_Data for this task_
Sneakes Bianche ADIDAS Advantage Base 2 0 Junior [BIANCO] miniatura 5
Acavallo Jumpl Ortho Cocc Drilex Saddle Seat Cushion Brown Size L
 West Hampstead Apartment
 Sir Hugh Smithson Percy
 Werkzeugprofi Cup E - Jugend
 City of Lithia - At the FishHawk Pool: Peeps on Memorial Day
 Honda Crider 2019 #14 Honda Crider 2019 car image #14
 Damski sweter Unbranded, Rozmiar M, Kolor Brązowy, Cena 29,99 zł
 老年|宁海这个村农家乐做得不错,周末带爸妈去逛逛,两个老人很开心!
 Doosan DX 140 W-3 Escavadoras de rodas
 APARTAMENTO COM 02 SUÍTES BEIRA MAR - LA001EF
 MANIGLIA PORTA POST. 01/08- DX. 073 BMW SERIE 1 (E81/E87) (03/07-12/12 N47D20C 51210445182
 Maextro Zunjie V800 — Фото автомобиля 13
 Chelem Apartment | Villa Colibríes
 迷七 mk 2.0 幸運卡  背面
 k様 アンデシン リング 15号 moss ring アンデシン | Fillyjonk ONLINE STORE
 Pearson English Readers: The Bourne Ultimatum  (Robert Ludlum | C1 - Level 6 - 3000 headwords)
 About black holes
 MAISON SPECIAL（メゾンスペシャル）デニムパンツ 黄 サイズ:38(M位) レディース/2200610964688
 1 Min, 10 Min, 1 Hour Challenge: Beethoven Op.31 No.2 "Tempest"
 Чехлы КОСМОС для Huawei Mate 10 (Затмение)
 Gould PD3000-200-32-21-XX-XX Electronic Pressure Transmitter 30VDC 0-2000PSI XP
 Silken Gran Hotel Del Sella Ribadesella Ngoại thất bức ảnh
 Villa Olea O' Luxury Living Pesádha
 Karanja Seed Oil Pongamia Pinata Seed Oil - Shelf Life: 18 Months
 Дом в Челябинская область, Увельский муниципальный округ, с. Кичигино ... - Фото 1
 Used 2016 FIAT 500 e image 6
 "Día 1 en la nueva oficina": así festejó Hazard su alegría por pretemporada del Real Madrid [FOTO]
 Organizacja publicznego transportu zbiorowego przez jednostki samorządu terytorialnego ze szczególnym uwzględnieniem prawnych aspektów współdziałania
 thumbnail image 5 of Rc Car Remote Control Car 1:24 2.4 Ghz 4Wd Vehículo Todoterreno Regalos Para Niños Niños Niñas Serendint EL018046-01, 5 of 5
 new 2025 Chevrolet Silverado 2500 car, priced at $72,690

_Work order_
All that is needed is the opening run of the data, given again exactly: please include every line from the first through the line with "Werkzeugprofi Cup E - Jugend", both ends kept.

_Solution below_
Sneakes Bianche ADIDAS Advantage Base 2 0 Junior [BIANCO] miniatura 5
Acavallo Jumpl Ortho Cocc Drilex Saddle Seat Cushion Brown Size L
 West Hampstead Apartment
 Sir Hugh Smithson Percy
 Werkzeugprofi Cup E - Jugend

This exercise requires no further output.